One Nation, Indivisible
Last updated 6/15/2022 at 6:02am
Some of us grew up reciting the Pledge of Allegiance in school every day. The words “one nation, indivisible” are a potent memory. Are those words history?
The thirteen colonies declared their independence from England on July 4, 1776. Congress adopted the name “United States” on September 9, 1776. In 1777, they designated June 14 as American Flag Day. The first ten amendments to the U.S. Constitution were ratified in 1791.
It is surely probable that the writers of those amendments would have been stunned by the 1989 U.S. Supreme Court decision that declared burning the U.S. flag is freedom of speech protected by the First Amendment.
We haven’t always adhered to our indivisible pledge. We very nearly lost our indivisible and united status when our ancestors abandoned those concepts to engage in a brutal Civil War that still provides unsettled issues. But having survived that challenge, our country lived up to our ideals during two world wars and the Great Depression.

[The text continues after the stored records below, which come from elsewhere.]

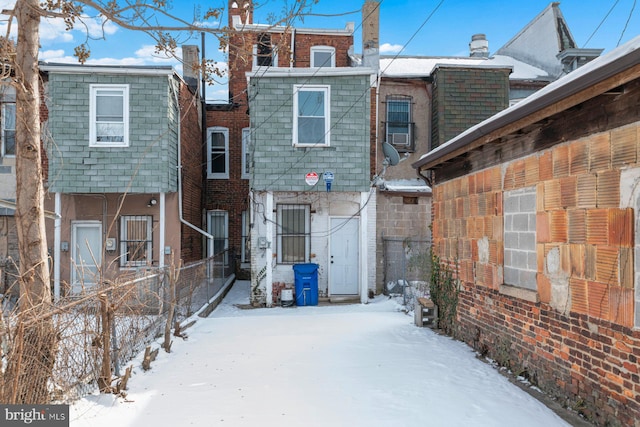 view of snow covered back of property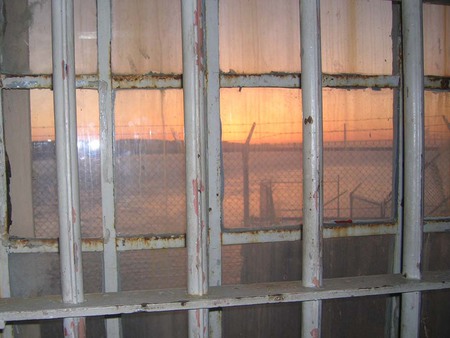 Sunset through bars at Alcatraz - entertainment, iron, brick, view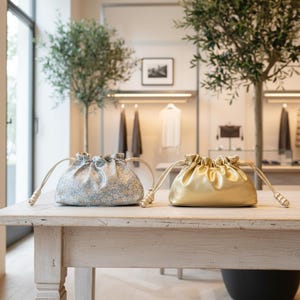 May include: Two drawstring pouches on a wooden table. One is light blue with a floral pattern, the other is gold. Both have cream-colored drawstrings. The background shows a clothing store with racks of clothing.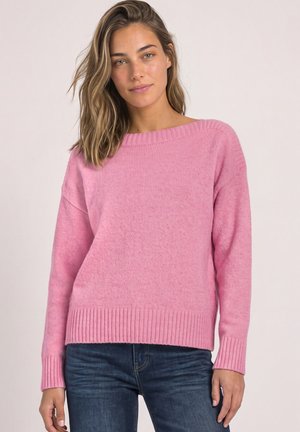 Femme aux cheveux mi-longs portant un pull en maille rose et un jean bleu, posant devant un fond clair uni.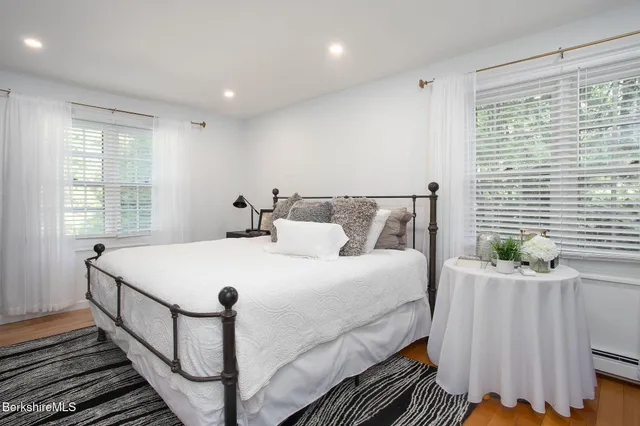 a bathroom with a sink double vanity and a bathtub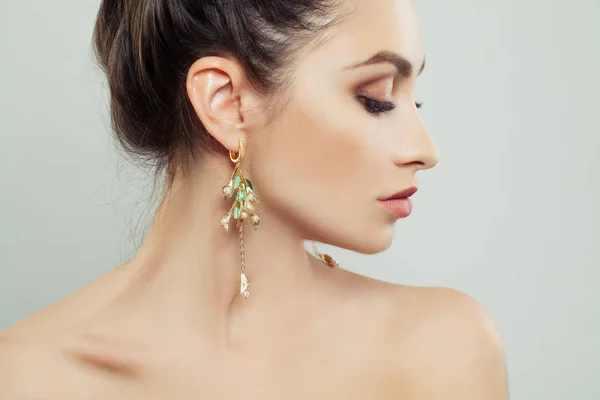 戴着白色珍珠和绿色宝石的金色耳环的漂亮女人 — 图库照片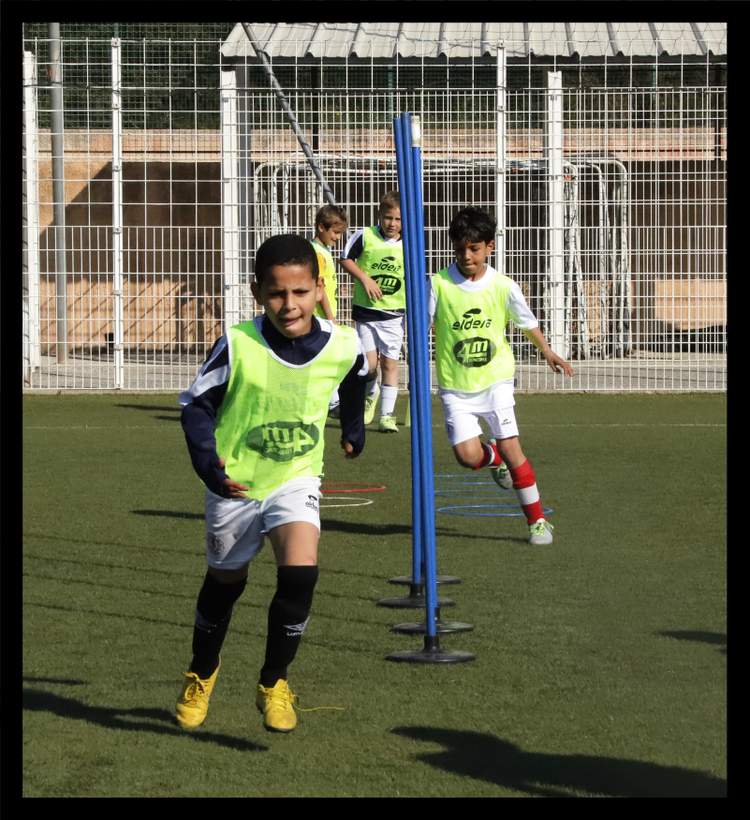 De jeunes footballeurs en chasubles fluorescentes s'entraînent sur un terrain synthétique, slalomant entre des piquets bleus.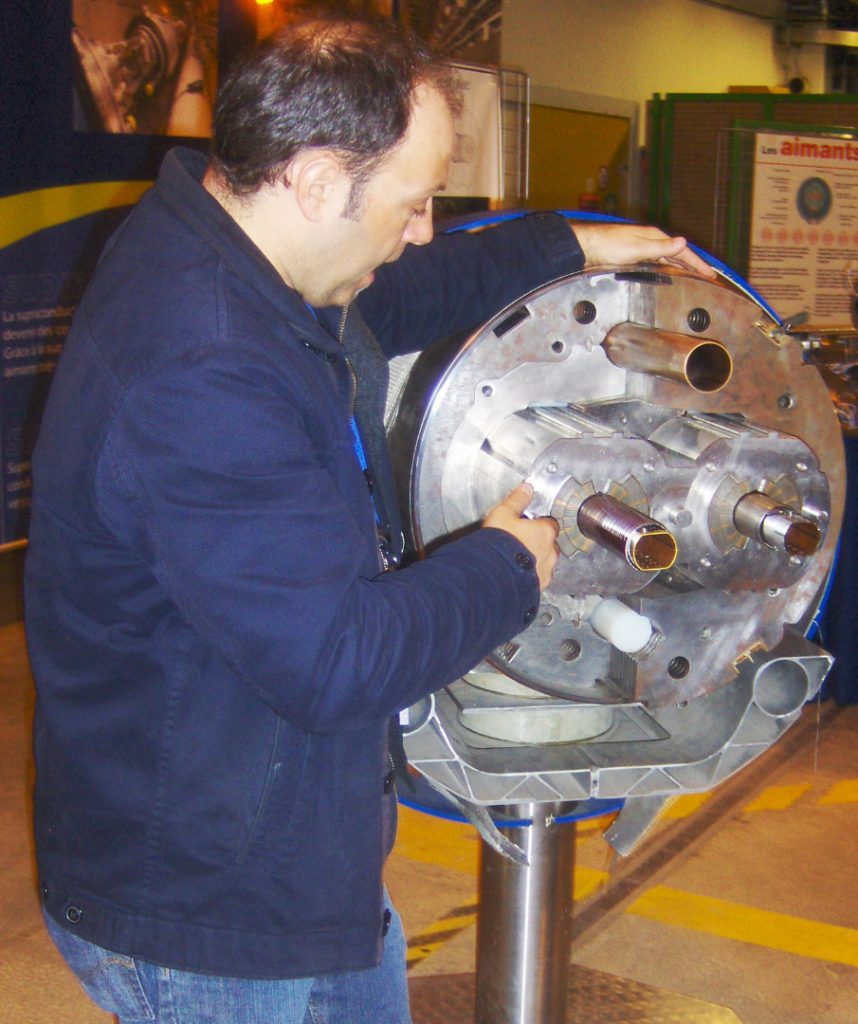 A CERN magnet engineer talks as points out features on a cross section of a circular super-conducting magnet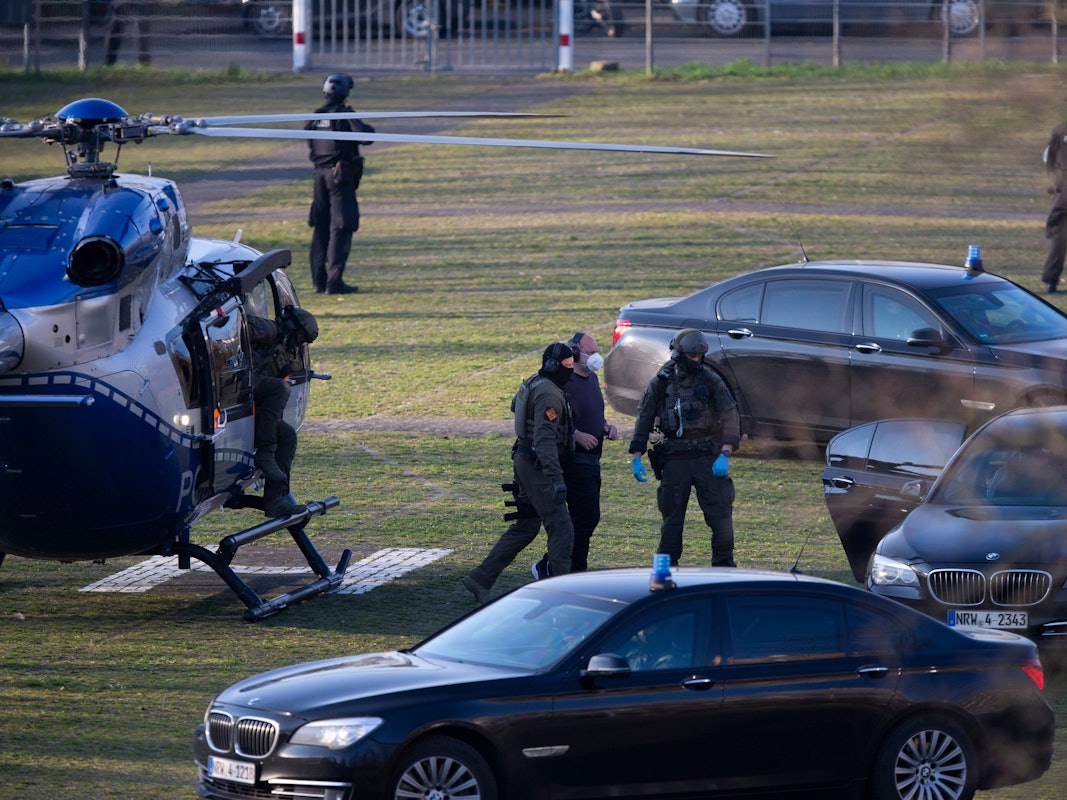 Der Angeklagte Thomas Drach kommt mit dem Hubschrauber auf dem Gelände des Justizzentrums Köln an und wird von zwei vermummten Polizisten begleitet.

On our 245th flag day, we, again, have politicians promoting divisiveness, attempting to divide the country for political and personal gain. George Washington, our first President, said in his 1796 Farewell Address: “However [political parties] may now and then answer popular ends, they are likely in the course of time and things, to become potent engines, by which cunning, ambitious, and unprincipled men will be enabled to subvert the power of the people and to usurp for themselves the reins of government, destroying afterwards the very engines which have lifted them to unjust dominion.”
One Nation Indivisible. I want to recite those words again and believe what I am saying.
Jack Stevenson is a retired infantry officer, civil service and private corporation employee who now reads history, follows issues important to Americans, and writes commentary from his home in Pensacola, Florida.